Mass exploitation of workers
Speaking after viewing a documentary film on the oral history of victims of the Kuomintang's "white terror" period, Chen related that the touted economic "miracle" of the KMT era was achieved at the price of "the tragic fate and blood and tears" of thousands of victims of political oppression, not to mention the exploitation of Taiwan's millions of workers and farmers.
This month's tragedy of the slaughter of tens of farmers in Shanwei, Guangdong Province by PRC security forces while demonstrating against a power plant illustrates that the PRC is following the same tragic path, written on an even vaster scale.
After decades of struggle, the Taiwan people have achieved a democratic society, while far from perfect, is governed based on the consent of the people as expressed in regular elections, while in China, Hong Kong and several other Asian neighbors, the people enjoy only the tenuous rights that are "given" to them by their respective regimes.
This gap remains the fundamental gulf between Taiwan and the PRC, but while the people of the PRC are faced with the question of whether they will achieve democracy or fall into deeper chaos, the questions faced by Taiwan's democratic society are becoming more complex.
In the wake of the realization of Taiwan's basic democratization, the concept of human rights has naturally expanded its operation range from the political sphere, but there remain major misunderstandings about what constitutes respect or fostering of human rights.
For example, many people may believe that extensive reporting in news media about the poverty of individual disadvantaged families and a resulting influx of charitable donations is a sign of respect for human rights, but that is not quite the case. Besides measures to promote employment, more to the point would be the promotion of reasonable working environments with protection for the rights of workers, including the so-called "three rights of labor" to assemble and organize trade unions, engage in collective bargaining and, if necessary, to strike.
Private businesses can also violate freedoms
Otherwise, the fostering of the provision of considerable income to people who do not work when employment opportunities are available would create other types of inequities. For example, the discussion of the campaign by the governing Democratic Progressive Party and media reform groups to realize the goal of effecting the withdrawal of political parties, notably the KMT, the government and the military out of direct ownership and management of electronic media has neglected the fact that the intervention of private businesses can also violate the values of news freedom and accuracy in reporting.

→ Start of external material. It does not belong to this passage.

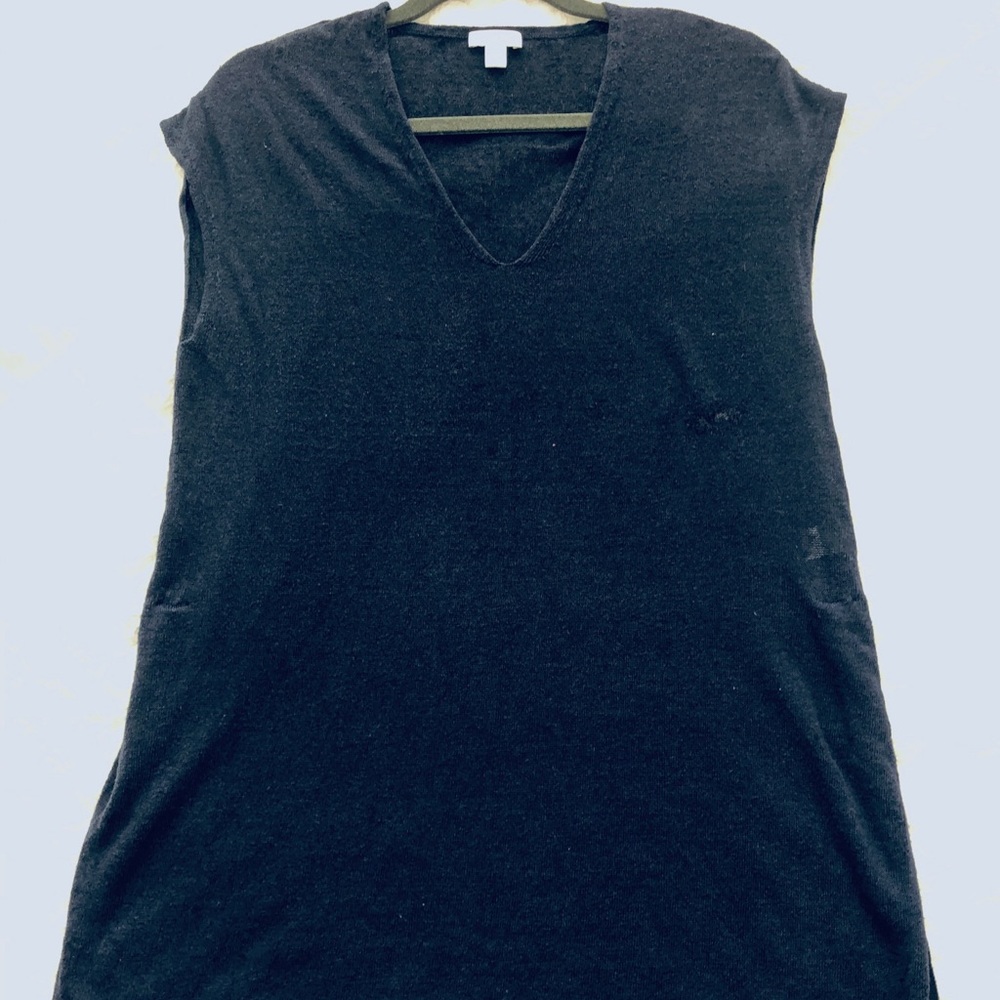 J.Jill: pureJill collection Navy sleeveless tunic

Therefore, whether news media should be state or publically owned or financially supported by political parties or the government is no longer the only or most decisive issue as it appeared to be during the decades of monopoly control by the KMT over the print and electronic media.
What is now more critical is whether the function of the news media as a "fourth estate" of society, particularly in terms of the objectivity and autonomy of news reporting and editorial content, is really free from external interference from both political censorship and no less improper domination by corporate interests.
Realizing the liberation of news media from political control only to leave journalistic functions vulnerable to improper and unethical manipulation by private enterprises would make a mockery of the goal of media reform and violate in substance, if not in form, the human rights of citizens for the provision of knowledge and channels for free expression by autonomous, fair and ethical news media. The complexities of protecting human rights in a complex democratic society such as Taiwan needs to be faced by our society.
We therefore support the call issued on December 10 by the "21st Century Constitutional Reform Alliance" for the inclusion of a wide range of human rights issues in the next phase of constitutional reforms, including issues such as rights in the field of equality, social welfare, political participation, basic administrative and judicial procedures, the right of asylum rights for foreigners and the right of resistance.